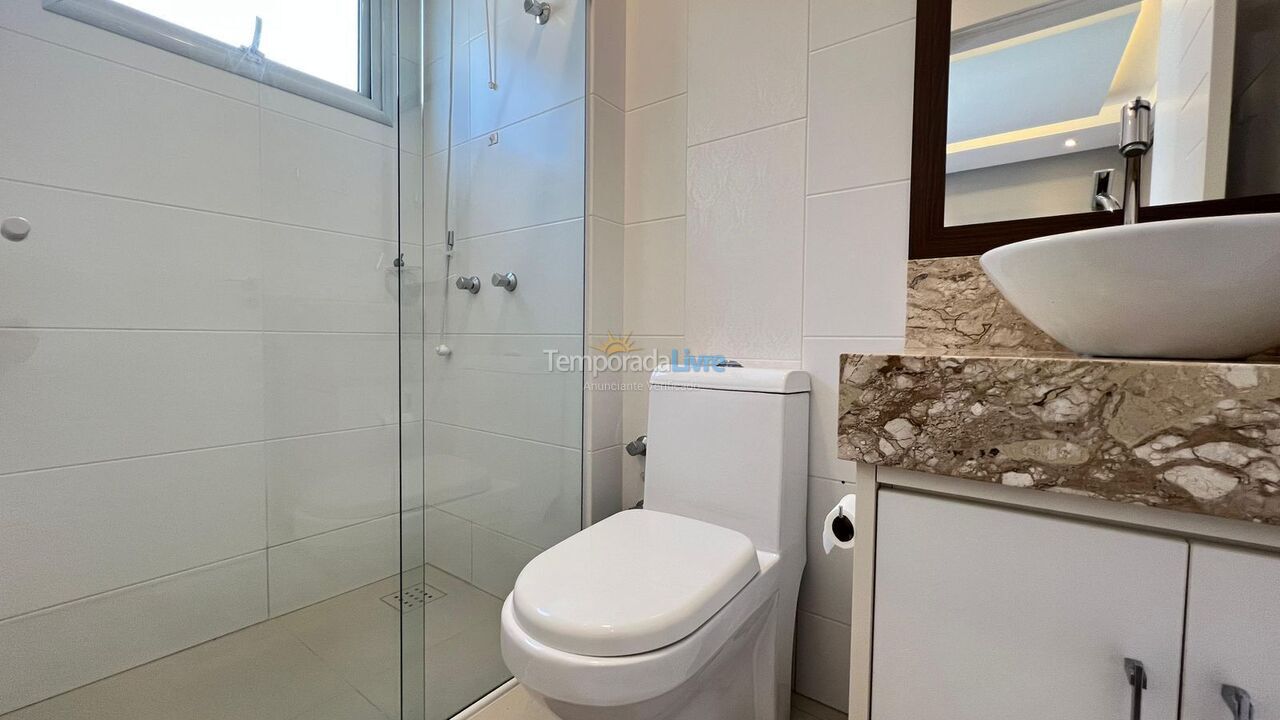 Apartamento para alquiler de vacaciones em Itapema (Meia Praia)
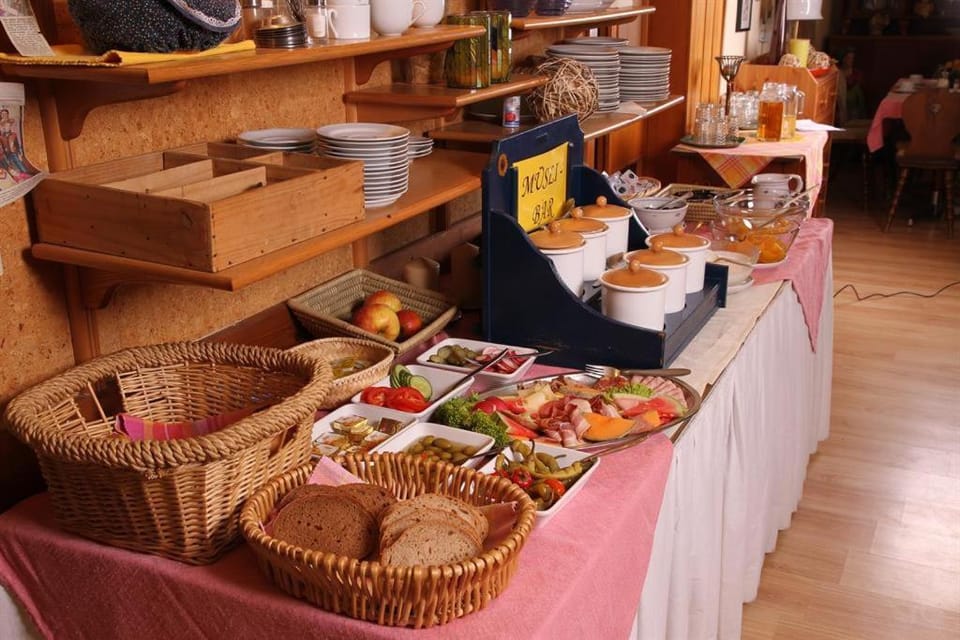 Food and drinks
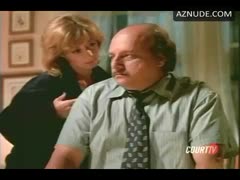 SHARON LAWRENCE nude in NYPD Blue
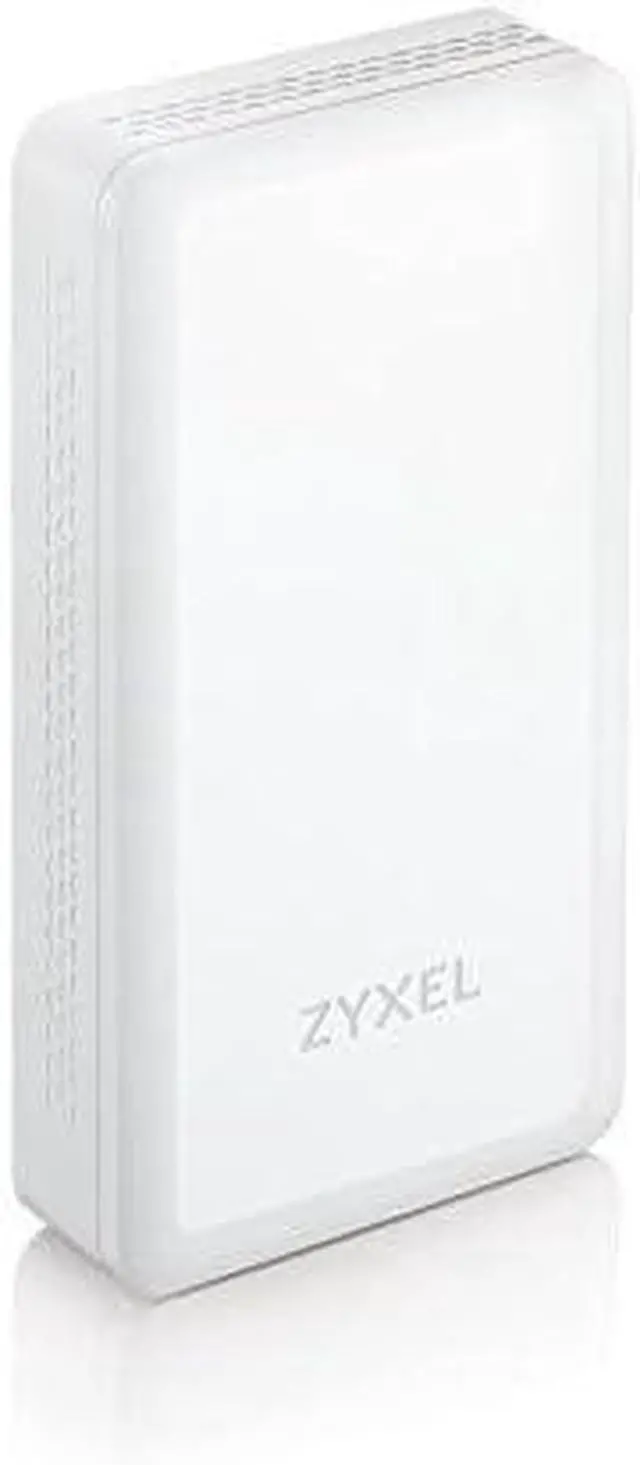 Alt view image 4 of 7 - Zyxel Wireless 802.11ac Smart Antenna Access Point, In-wall Mount [WAC5302D-S]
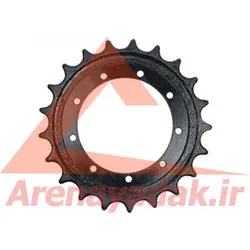 دنده اسپراکت CH بیل‌ مکانیکی زوم‌لاین ZE230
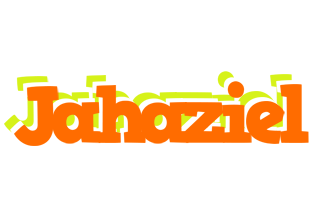 Jahaziel healthy logo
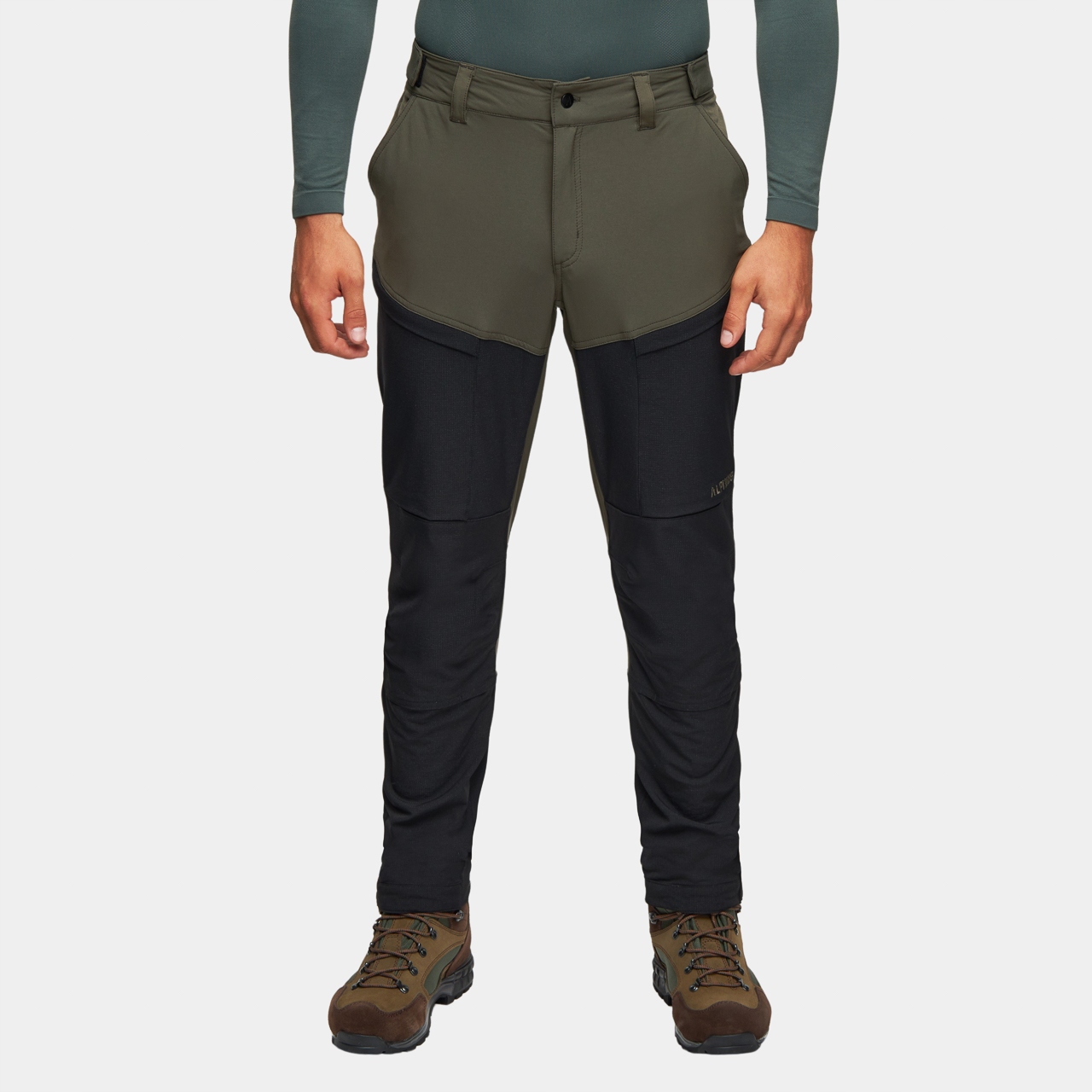 Alpinus Pular SU18758 spodnie trekkingowe męskie roz: S
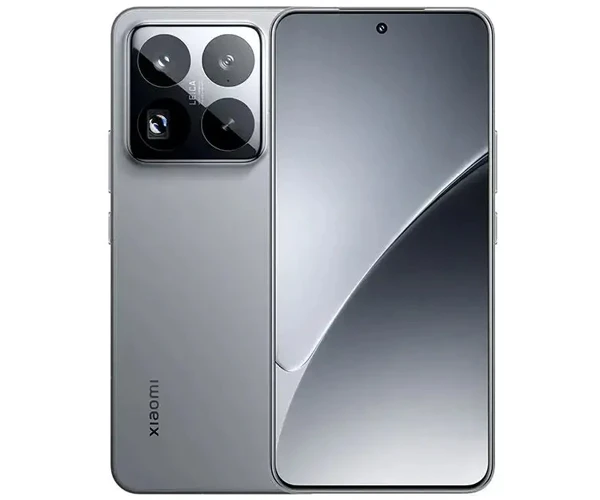 Xiaomi 15T Pro EU 12+512 Gray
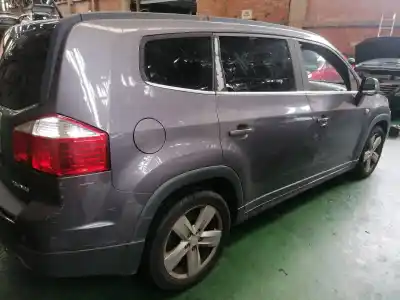 Verschrottungsfahrzeug chevrolet                                          orlando                                                                                                                                                                                                                                                    z20d1                                                                                                                                                                                                                                                      des jahres 2012 angetrieben z20d1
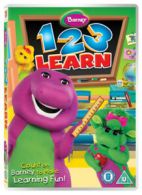 Barney: 1 2 3 Learn DVD (2012) cert U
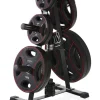 Gymstick Kuntoilulaitteet*levypainoteline Olympic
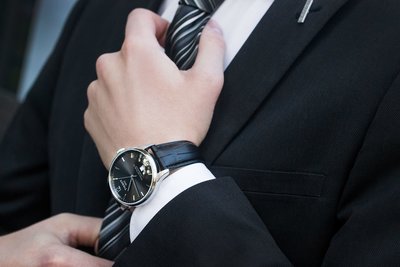 Tissot Chemin des Tourelles Powermatic 80 T099.407.16.447.00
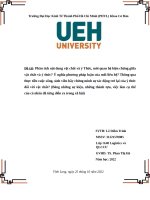 Phân tích nội dung vật chất và ý thức, mối quan hệ biện chứng giữa vật chất và ý thức ý nghĩa phương pháp luận của mối liên hệ 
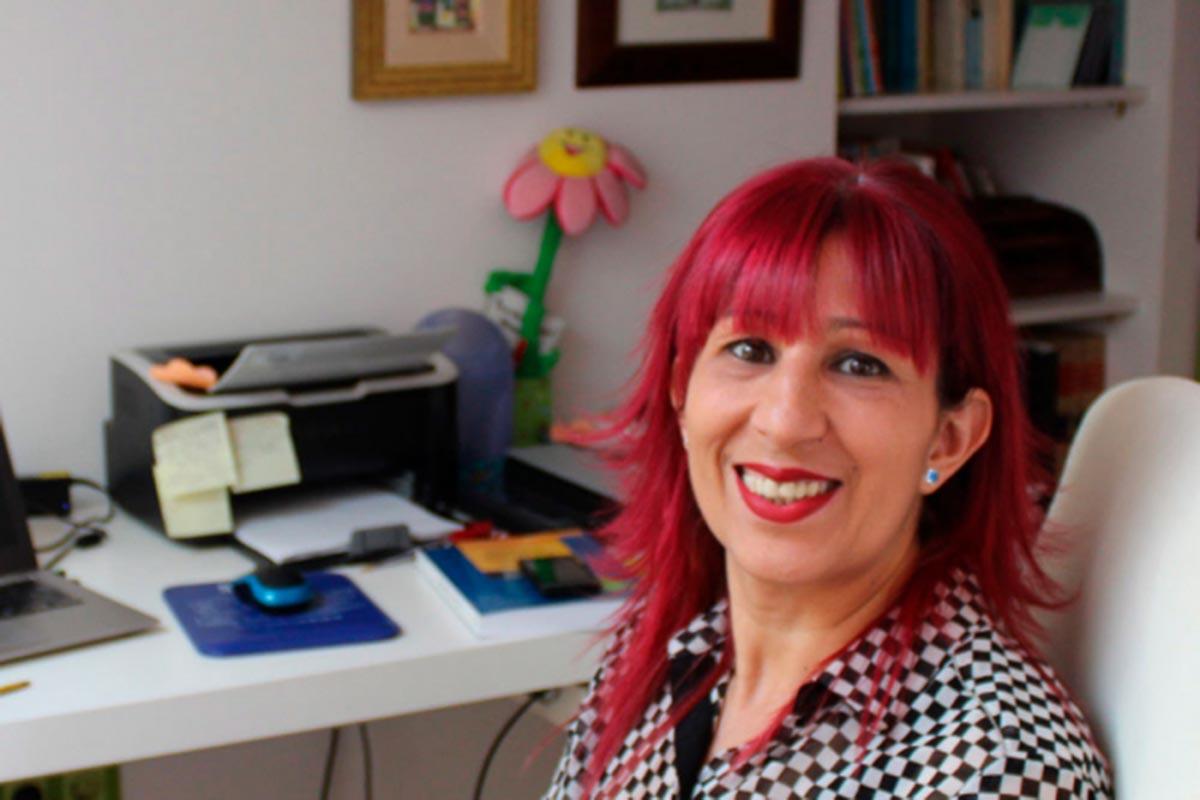 La profesora de la UAH Ana Blanco explica el proyecto que incorpora neurobiología y psicología cognitiva en el estudio de procesos y adquisición del español como segunda lengua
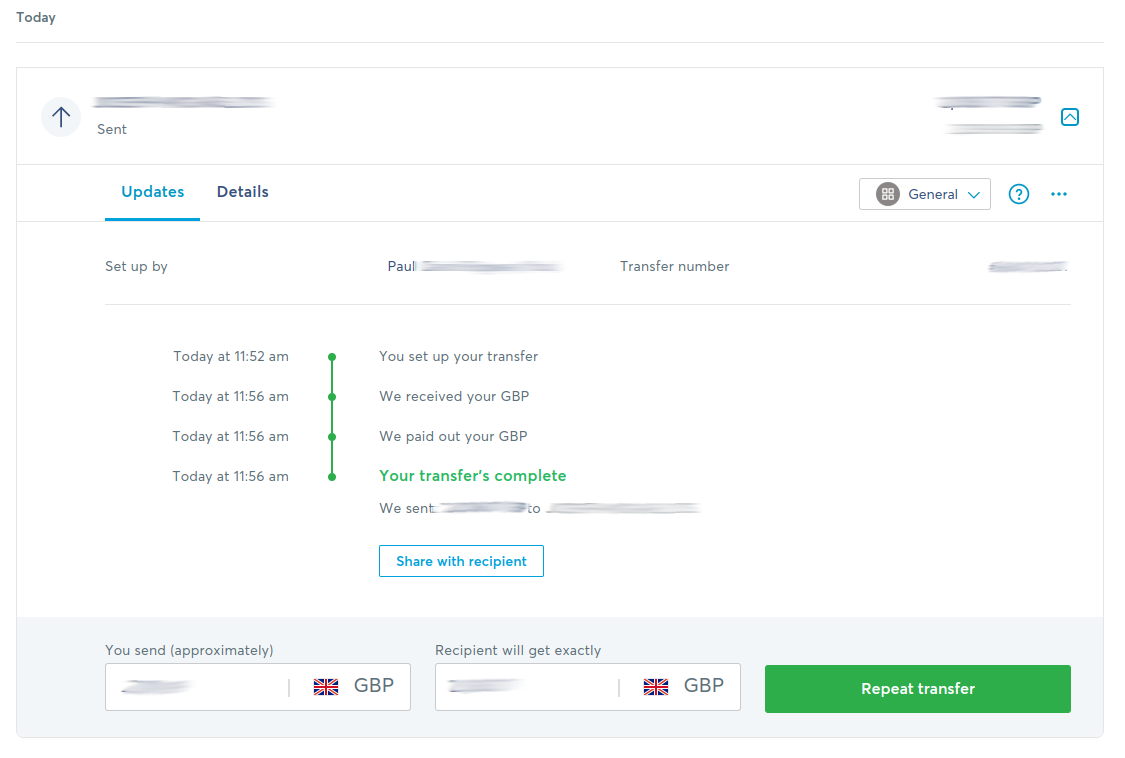 Automating Payroll payments with Wise and Starling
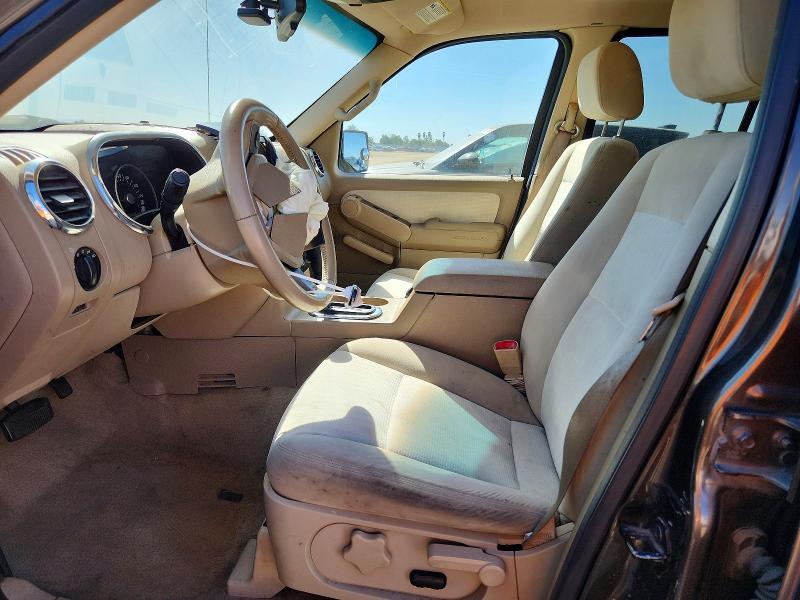 2007 Ford Explorer xlt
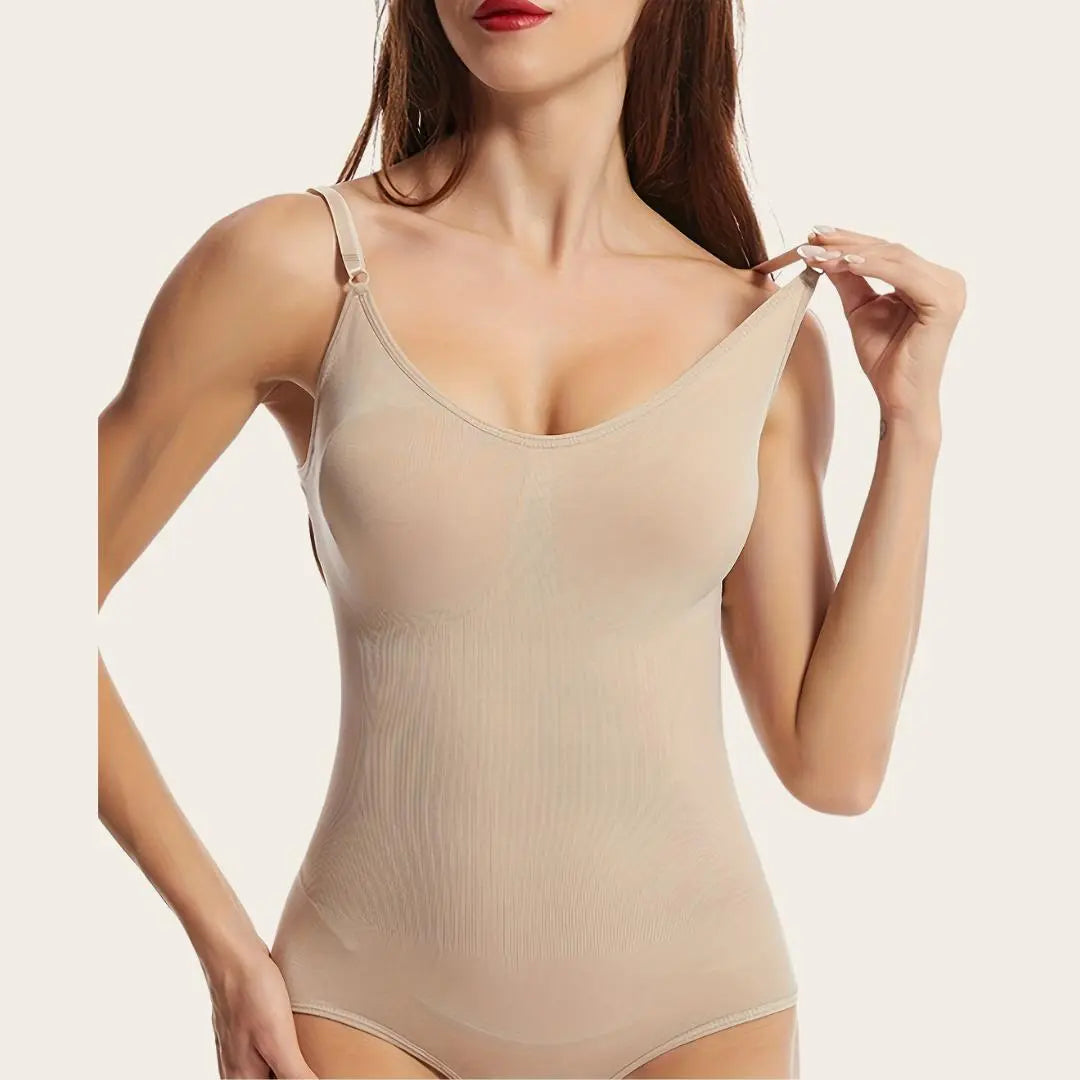 Snatching Shapewear Bodysuit 1+1 Gratis Dreamardi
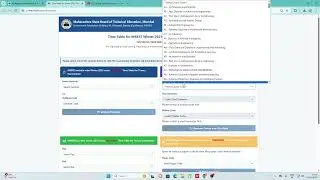 MSBTE Winter 2025 Time Table | Official Announcement | Know the Exam Date !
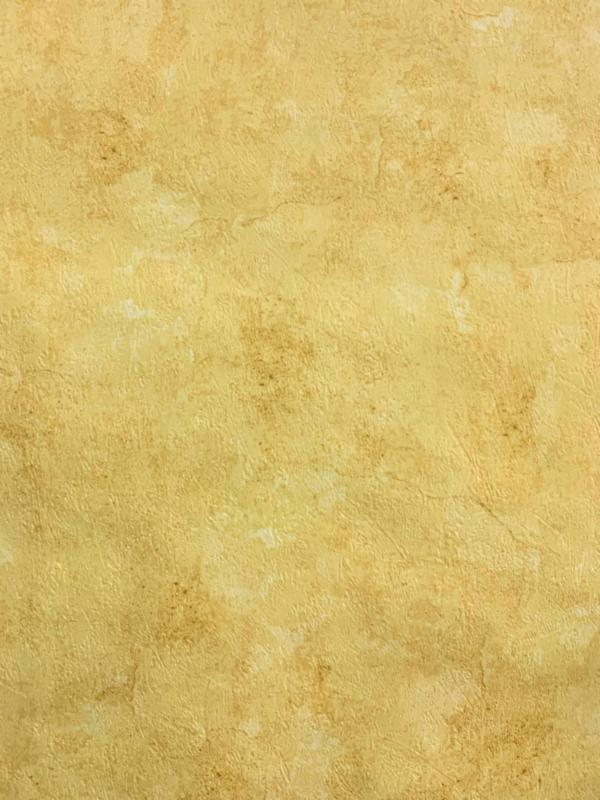 Sarı Düz Dokulu Duvar Kağıdı 5m2 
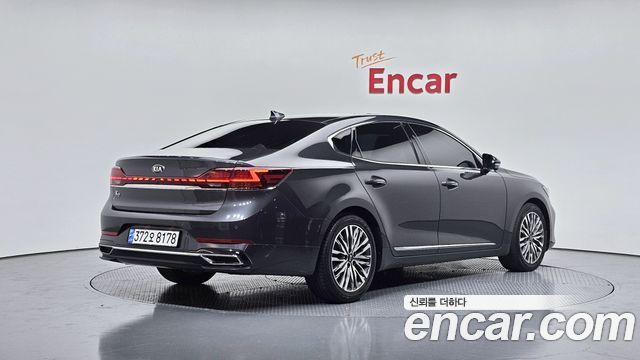 Kia K7 2020 — photo 2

*WHAT IS BEING ASKED*. Once the line holding "Automating Payroll payments" is found, copy it and each later line exactly through the end of the data, leaving out the pictures.

*RESPONSE TO THIS EXERCISE*.
 Automating Payroll payments with Wise and Starling
 2007 Ford Explorer xlt
 Snatching Shapewear Bodysuit 1+1 Gratis Dreamardi
 MSBTE Winter 2025 Time Table | Official Announcement | Know the Exam Date !
 Sarı Düz Dokulu Duvar Kağıdı 5m2 
 Kia K7 2020 — photo 2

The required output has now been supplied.